III. MERCHANT-MEMBER RATIO
Notwithstanding the requirements of Section I above, Signature may not deliver
new DALC Members of such quantity so as to cause the Member-Merchant Ratio
within a Territory to exceed 300:1 at any time; provided, however, that if
Transmedia does not deliver a sufficient number of quality Merchants to enable
Signature to satisfy the guidelines set forth under Section I above, Signature
shall be relieved of any obligation to satisfy such guidelines to the extent of
Transmedia's failure to deliver a sufficient number of qualified Merchants.
(Page 118 of 252 Pages)
IV. TELEMARKETING STANDARDS
To the extent that Signature engages in telemarketing in connection with the
performance of its duties hereunder, Signature shall use commercially reasonable
efforts to ensure that the quality thereof is consistent with Transmedia's
overall service quality standards as provided to Signature in writing from time
to time. Signature shall use its commercially reasonable efforts to ensure that
the following guidelines are followed:
A. Signature representatives (or communicators employed by vendors)
shall approach each call courteously and professionally.
B. Signature shall use its commercially reasonable efforts to ensure that
all communicators understand the DALC Program and the particulars of
the offer being promoted and are able to respond to all probable
questions.
C. The communicator who makes or receives calls shall clearly identify
himself or herself when the call begins.
D. Signature shall not call consumers who are listed on the TPS Service
provided by the Direct Marketing Association.

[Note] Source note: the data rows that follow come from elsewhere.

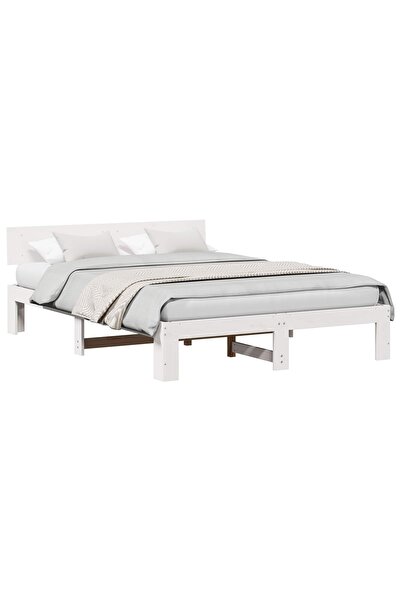 vidaxl Cadru de pat cu headboard Alb 150 x 200 cm Lemn de pin masiv
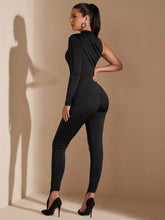 Semi-Turtleneck Oblique Shoulder Ruched Long Sleeve Elegant Fashion Jumpsuit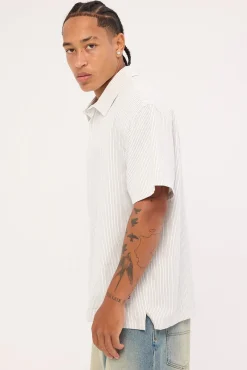Oxford Script SS Shirt White Stripe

E. The consumer shall always have the choice to freely accept or reject
any telemarketing offer.
F. Signature communicators and representatives shall respond to (but not
necessarily resolve) all consumer questions or complaints regarding
telemarketing that are referred to it within 48 hours.
G. All offers and promotions made by Signature to businesses or
consumers shall be legal and legitimate.
H. All telemarketing scripts shall clearly communicate all terms of the
offer to the consumer, and the terms and scripts shall have been
presented to and, to the extent provided in this Agreement, approved by
Transmedia in advance (which approval shall not be unreasonably
withheld).
I. Signature shall not solicit through the use of prerecorded messages.

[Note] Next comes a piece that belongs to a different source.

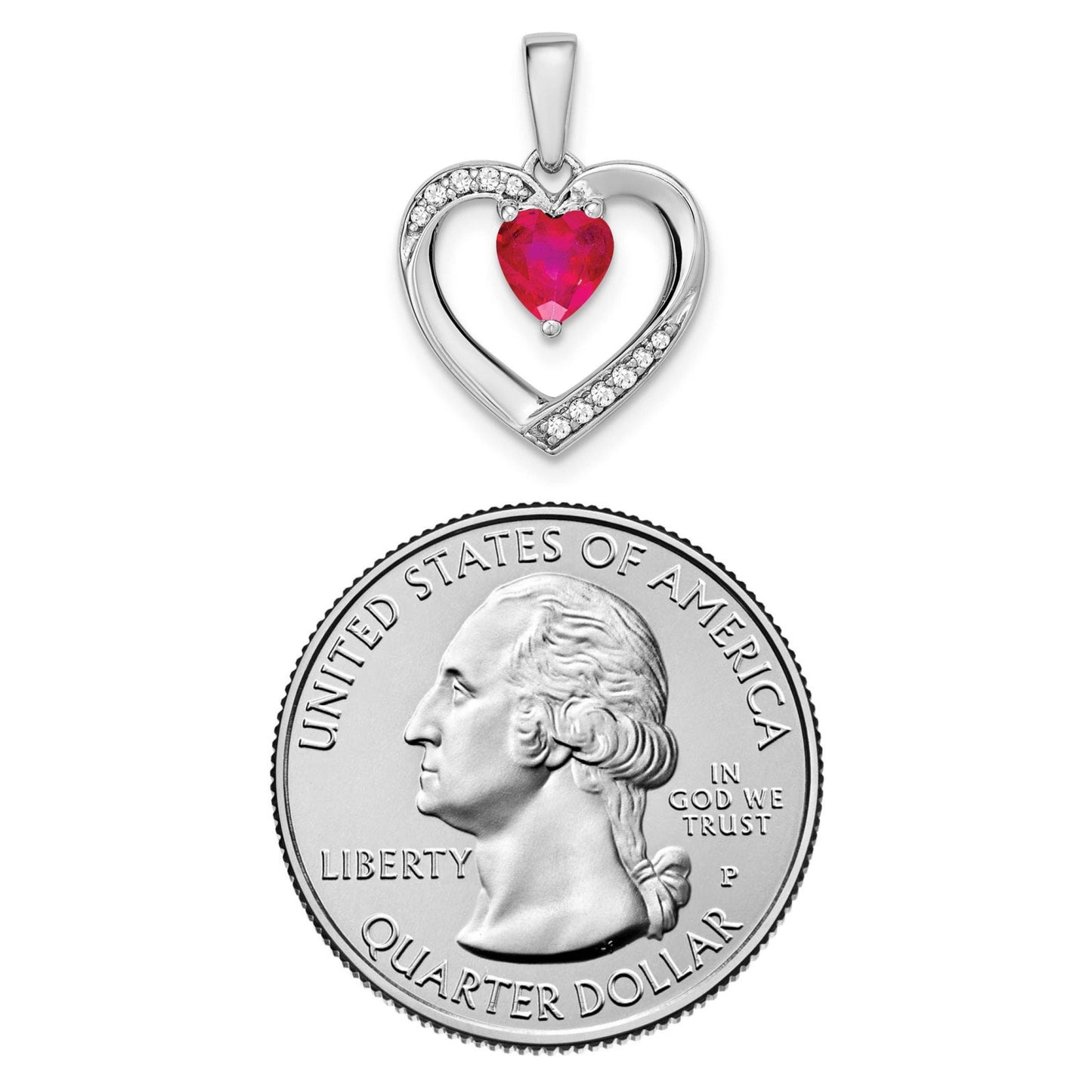 14K White Gold Ruby and Diamond Heart Pendant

J. Signature shall require its telemarketing vendors to monitor and follow
all federal, state and local telemarketing laws and regulations.
K. Signature shall promptly advise Transmedia of, or fulfill, all
telemarketing requests for additional written information relevant to
the product offering made by the consumer prior to his or her making a
purchase decision.
(Page 119 of 252 Pages)
L. Signature shall not call consumers or prospective DALC Members on the
following holidays: New Year's Eve (stop calling at 1:00 p.m.), New
Year's Day, Good Friday, Easter Sunday, Passover (first two nights),
Rosh Hashanah Eve and Rosh Hashanah, Yom Kippur Eve and Yom Kippur Day,
Christmas Eve (stop calling at 1:00 p.m.) and Christmas Day.

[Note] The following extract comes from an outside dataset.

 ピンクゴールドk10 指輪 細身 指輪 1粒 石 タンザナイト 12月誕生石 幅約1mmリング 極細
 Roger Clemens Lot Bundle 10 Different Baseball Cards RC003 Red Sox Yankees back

M. To ensure quality assurance, calls shall periodically be monitored by
supervisors (including Transmedia employees or representatives) and
recorded.
TRANSMEDIA OPERATING PRINCIPLES
-------------------------------
Transmedia shall, during the term of this Agreement, comply with the
standards set forth in DALC Sponsor contracts existing on the date of this
Agreement or hereafter entered into in accordance with the terms hereof, as the
same may from time to time be in effect. In addition, during the term of the
Agreement to which this Annex A is attached (unless a different period is
specified below), Transmedia shall be guided by the following principles, and
shall use its commercially reasonable efforts to adhere to such principles
whenever possible:
I. MERCHANT ACQUISITION
During the period commencing 180 days after the date of the Agreement to which
this Annex A is attached and terminating on the fifth anniversary of the date of
the Agreement, Transmedia shall satisfy the following:
(A) Number of Merchants. For every 150 DALC Members existing and
delivered in any Qualified Territory, Transmedia shall, within
180 days of the date on which either (i) the Territory becomes
Qualified or (ii) the requisite number of DALC Members is
delivered, deliver one Merchant; provided, however, that in no
event shall either party permit the Member-Merchant ratio to
exceed 300:1 at any time.
(B) Merchant Quality. At least ninety percent of Merchants in a
Qualified Territory shall have credit card receipts equal to
or greater than $300,000 during the 12 months preceding
measurement.
II. FULFILLMENT & DIRECTORY
(A) Within five (5) business days of Transmedia's receipt and
approval of an application for enrollment in the DALC Program,
Transmedia will send to the new DALC Member a fulfillment kit
containing the following materials:
1. Merchant directory
2. Welcome letter
3. Membership brochure
4. Outer envelope
(Page 120 of 252 Pages)
5. Such other materials as the parties shall from time
to time determine.
Transmedia shall fulfill all offers made by Signature in
accordance with the terms of such offers.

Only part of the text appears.